Is there a way to do this in Jackrabbit? We can write an XPath query
\\element(*, dam:Asset)[(@tags = 'C' or *\@tags='C')
and (@tags = 'D' or *\@tags='D')]
but that won't work because XPath doesn't seem to guarantee that the *
joined child assets are the same, i.e. this means "any child has C/D" and so will match my asset because 1+ children have a C and 1+ children have a D. Instead I could use JCR-SQL2
SELECT * FROM dam:Asset as asset
LEFT OUTER JOIN nt:unstructured as child ON ISCHILDNODE(child,asset)
WHERE (asset.tags = 'C' or child.tags = 'C')
AND (asset.tags = 'D' or child.tags = 'D')
but there's no SELECT DISTINCT
in JCR-SQL2: if instead I search for "B E" I will get this asset returned twice because this matches both asset+child1 and asset+child2.
I could postprocess either query result in Java, i.e. filter out false-positive matches for the first case or filter out duplicate results for the second case, but I'm nervous how this would affect paging performance: I'd need to scan more nodes than necessary to weed out bad nodes, and I'd need to scan the lot to compute the correct result size for paging. This ought to be cheaper for the second SQL2 case because if my search is ordered I can spot duplicates based on the node path alone and all duplicates will be consecutive, so I can find a given page's worth of data with cheap scanning only hopefully without reading the whole node for each result, but I don't know the cost of scanning all results for the paging count too even for the simple path-only case.

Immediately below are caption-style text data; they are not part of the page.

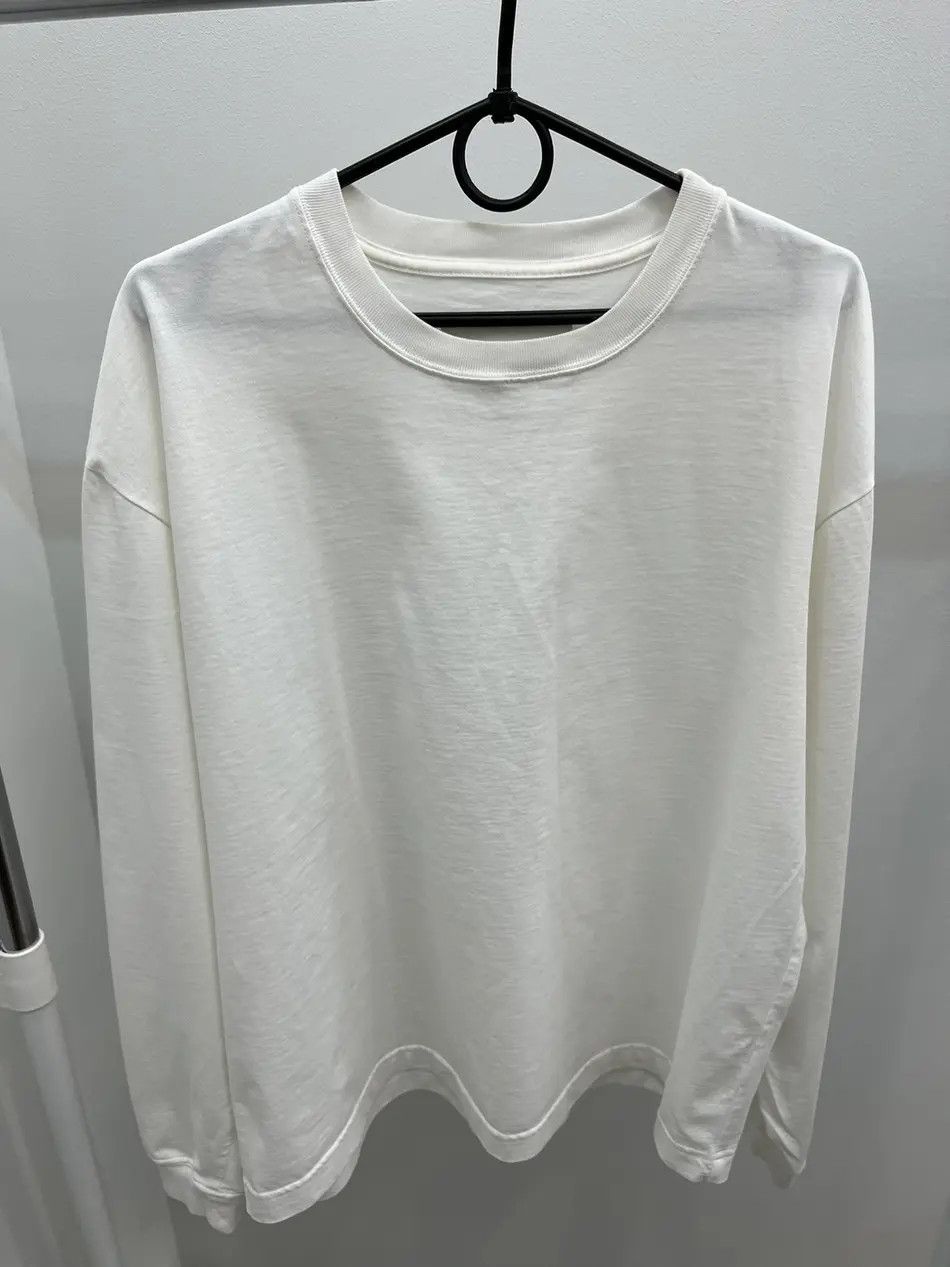 Studio Nicholson Studio Nicholson Classic Long Sleeve Tee Size US L / EU 52-54 / 3 - 1 Thumbnail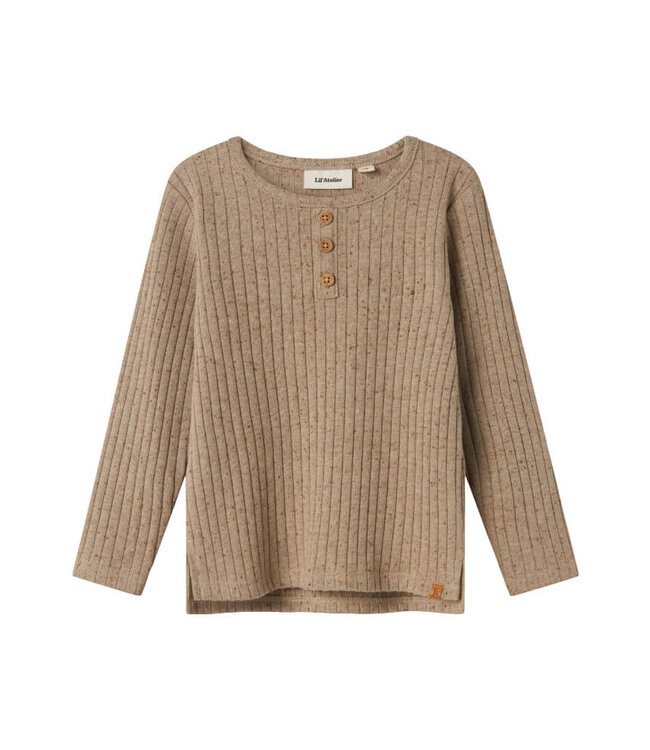 NMMOMILO LS TOP LIL Pure Cashmere by Lil' Atelier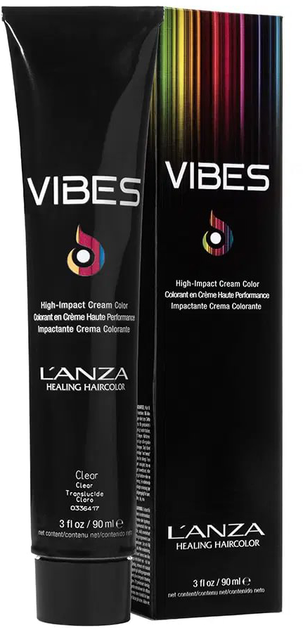 Крем-фарба для волосся L'anza Healing Color Vibes Blue Color 90 мл (654050199032) - зображення 1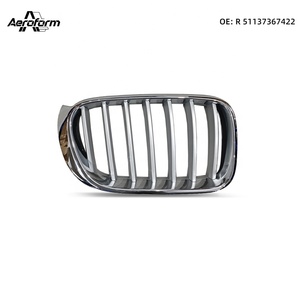 Griglia Frontale OEM 51137367421 51137367422 di Alta Qualità per <span class=keywords><strong>BMW</strong></span> <span class=keywords><strong>F25</strong></span> X3 F26 X4 2012-2017 - Product Image 2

Yet another option we've considered is denormalising the tags into a single node. In this case, to keep the search accurate, that would have to mean creating a new combined_tags attribute in each child node and perform all searches against the set of child nodes only. However this still suffers from the distinct problem should we match two child nodes beneath the same asset.
Thanks for any suggestions. This is a large instance already and will need to scale further. I've seen other questions which say ModeShape is a JCR implementation that does have SELECT DISTINCT
but I think switching to ModeShape just for that would have to be the last resort, if indeed it's possible to host CQ on ModeShape.

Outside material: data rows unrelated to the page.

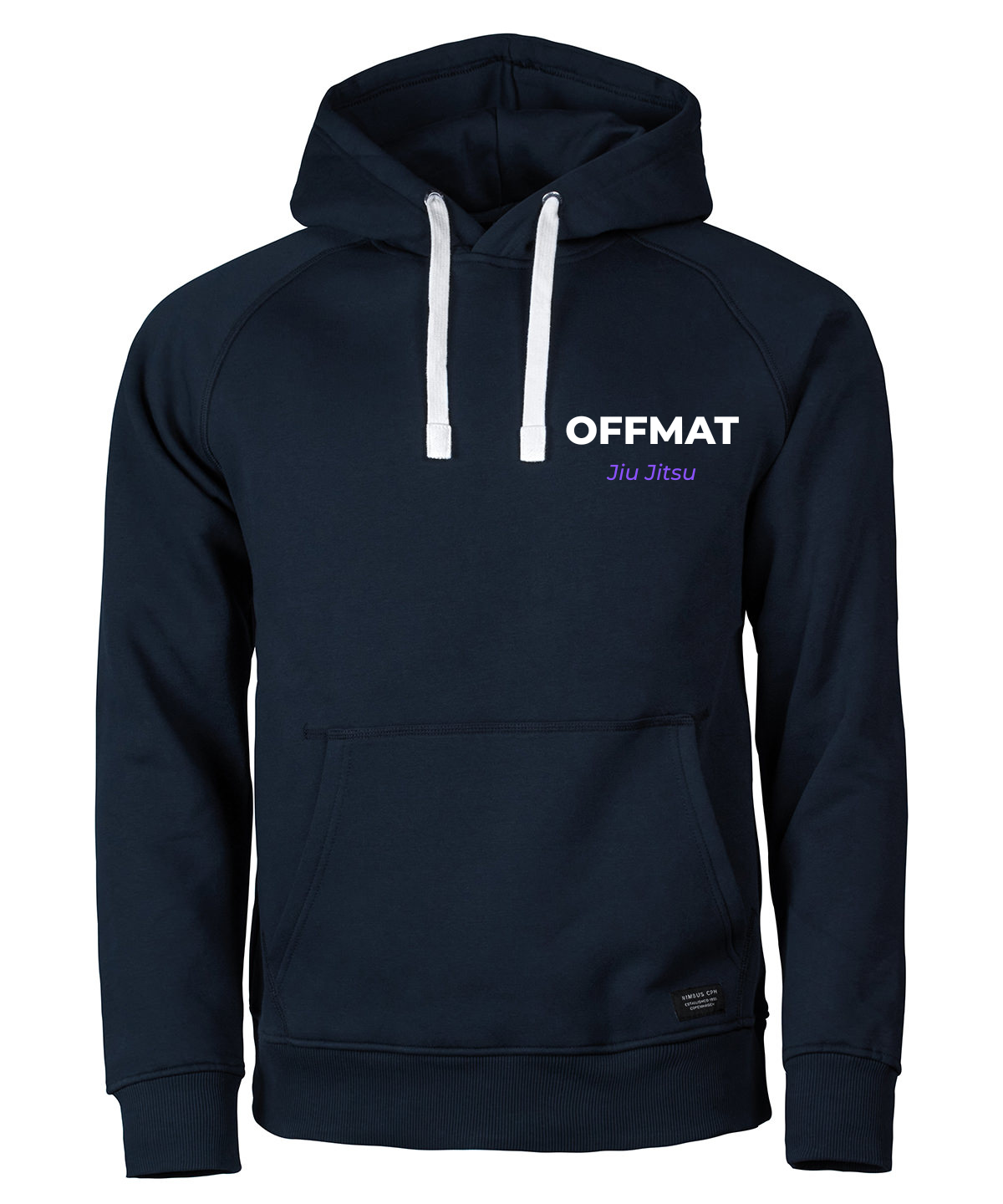 OFFMAT Jiu-Jitsu Ranked Hoodie (Female) – Earned Not Given Collection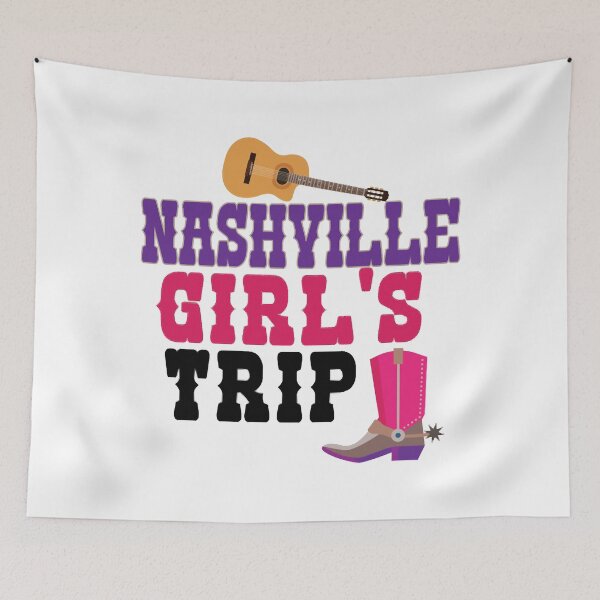 Item preview, Bachelorette Getaway Nashville Girls Trip Gift designed and sold by NicholasGandhi.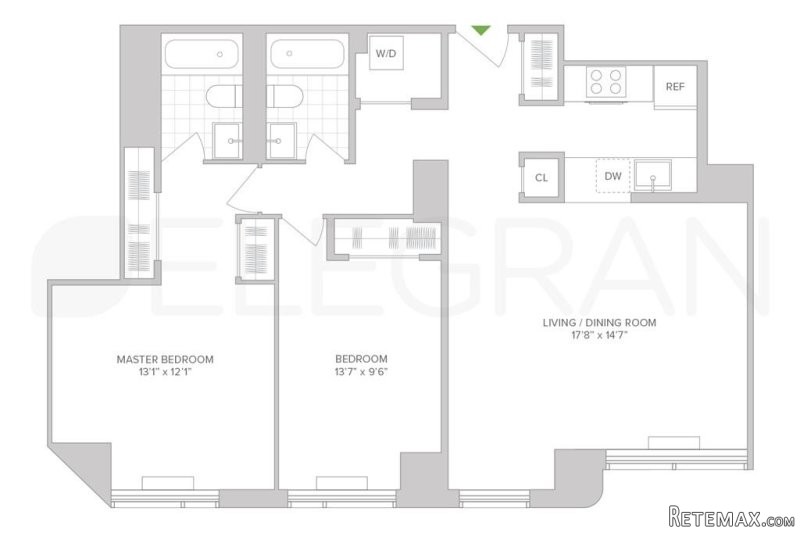 2 Bedrooms - Condo - New York State -.. - 2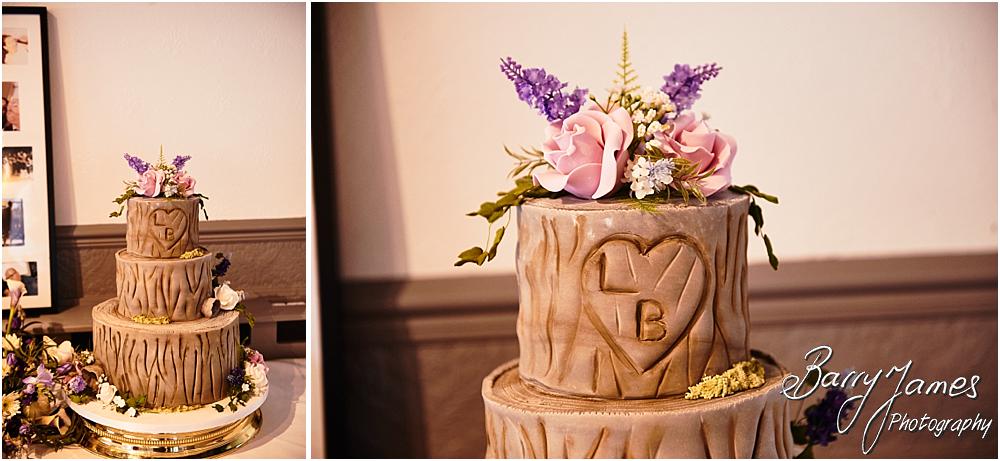 The beautiful wedding breakfast set out by Venue Creations at Oak Farm Hotel in Cannock by Cannock Wedding Photographer Barry James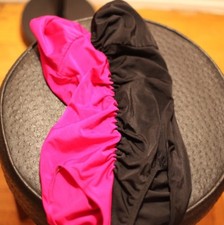 Vintage Christian Dior Bicolor Bustier Bathing Suit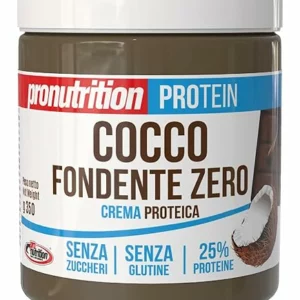 Crema Proteica Fondente Zero – Coco – 350g – ProNutrition Crema Proteica Fondente Zero – Coco – 350g – ProNutrition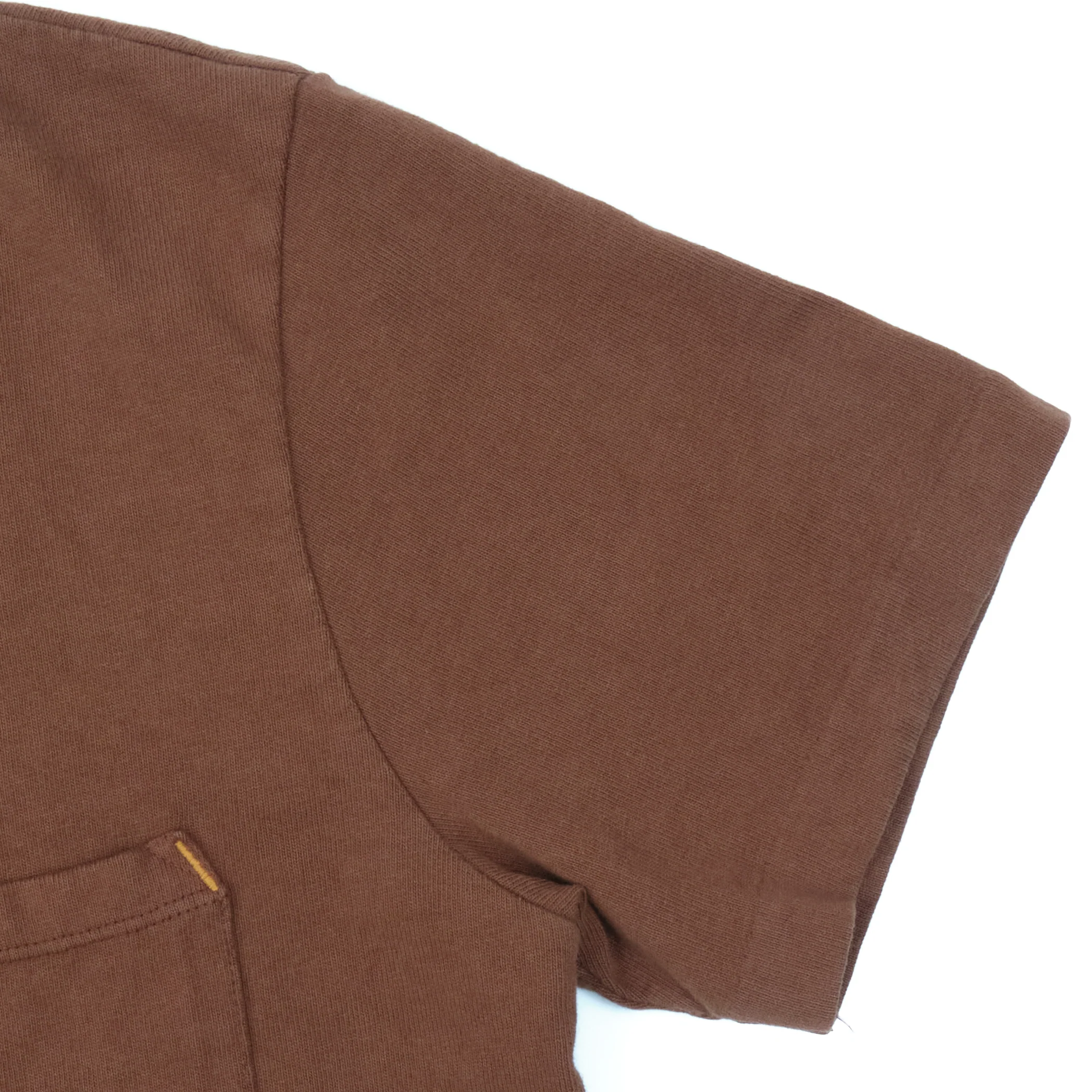 13 Ounce Pocket T-Shirt <span>Chocolate</span> - Image 5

One idea we've come up with now is to compute each union of the asset tags and child tags and combine the tags into a single string then write each value as a multivalued property of the asset, i.e. asset + child1 = "A B C E" and asset + child2 = "A B D E", so we get
- asset: tags = A, B; tagUnions = "A B C E", "A B D E"
As long as we define a fixed order for combining tags into a string (e.g. alphabetical) we can the search for any combination using tagUnions LIKE '%B%C%'
(except I'd use proper delimiters between tags in the real case). Whilst this will work as far as we can see I don't really like it: there's potentially large numbers of tags per asset+child, all with longer names than single letters meaning we'll end up with long strings executing LIKE
queries on all of them which likely can't be indexed efficiently.

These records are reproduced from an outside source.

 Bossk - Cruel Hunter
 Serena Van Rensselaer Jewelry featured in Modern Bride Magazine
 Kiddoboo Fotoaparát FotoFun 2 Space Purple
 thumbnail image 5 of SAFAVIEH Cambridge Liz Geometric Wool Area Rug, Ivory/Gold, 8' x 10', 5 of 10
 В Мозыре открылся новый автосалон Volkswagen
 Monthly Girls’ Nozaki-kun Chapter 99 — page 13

Another take on this is to make a bitmask: define A=1, B=2 etc. and so store a multivalued integer array here then carry out a bitwise comparison. However that's likely limited to 64 different tags and since we have 1,000+ I don't think we can do this - even if JCR supports bitwise operations, which I'd expect it won't.
So I'm still on the lookout for a clean database-like solution for this. You've missed the bounty I put up but there's still ticks, votes and gratitude for any help.